Mestiza

Más allá del color de mi piel, mestiza es mi sangre, mi forma de pensar, la forma en que miro y me miran… la condición que otros señalaron en mí, que hoy tomo por mía.

 

 

Provengo de una familia indígena que como muchas otras salió de su pueblo en busca de una vida mejor. Crecí en la ciudad alejada de mi propia cultura, deslenguada por mis propios padres en un intento por protegerme del estigma que mi color de piel no puede negar. Mutando, tomando de lo familiar y lo ajeno para construir una imagen propia.

En México el mestizaje no sólo es la hibridación de nuestra raza, es el campo en el que se desarrolla una simbiosis entre lo extraño y lo que consideramos propio. Mestiza es un proyecto fotográfico que surgió en la complicidad con mujeres de mi familia y amigas. Mujeres que como yo compartimos un legado cultural, una herencia indígena que nos ha marcado e incluso impuesto una carga negativa. Es la respuesta a esas imágenes del pasado; aquellas del siglo XIX, de las que nuestros ancestros formaron parte por la fuerza, en un contexto de amplia violencia.

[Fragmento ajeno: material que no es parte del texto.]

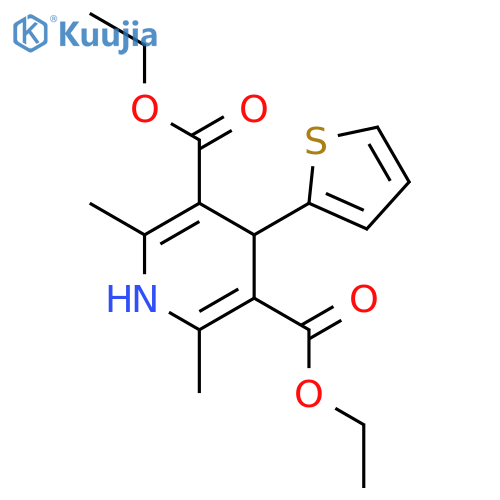 3,5-Pyridinedicarboxylicacid, 1,4-dihydro-2,6-dimethyl-4-(2-thienyl)-, 3,5-diethyl ester structure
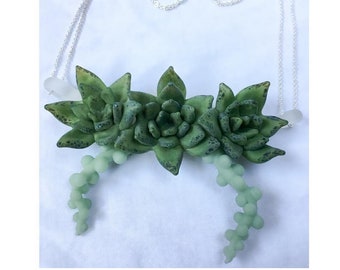 Succulent Cluster Necklace- sculpture glass statement piece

Este es un ensayo fotográfico para mostramos no como objetos de estudio, sino como agentes activos en la formación de nuestra imagen, es una forma de defender y reafirmar nuestra herencia. Una forma de levantar la frente ante nuestro propio reflejo, mostrándonos lo mismo divinas que frágiles. Observando y siendo observadas.

Ser mestiza es un gesto de resistencia, donde yo/nosotras elegimos desbaratar el carácter aleatorio y complejo en el que el mestizaje nos ha envuelto, creando una línea visual. Un tejido, entre quienes han decidido colaborar conmigo, que nos permite explorar la dimensión caótica del mestizaje, para entrelazar lo propio con lo que creíamos ajeno en una nueva alianza.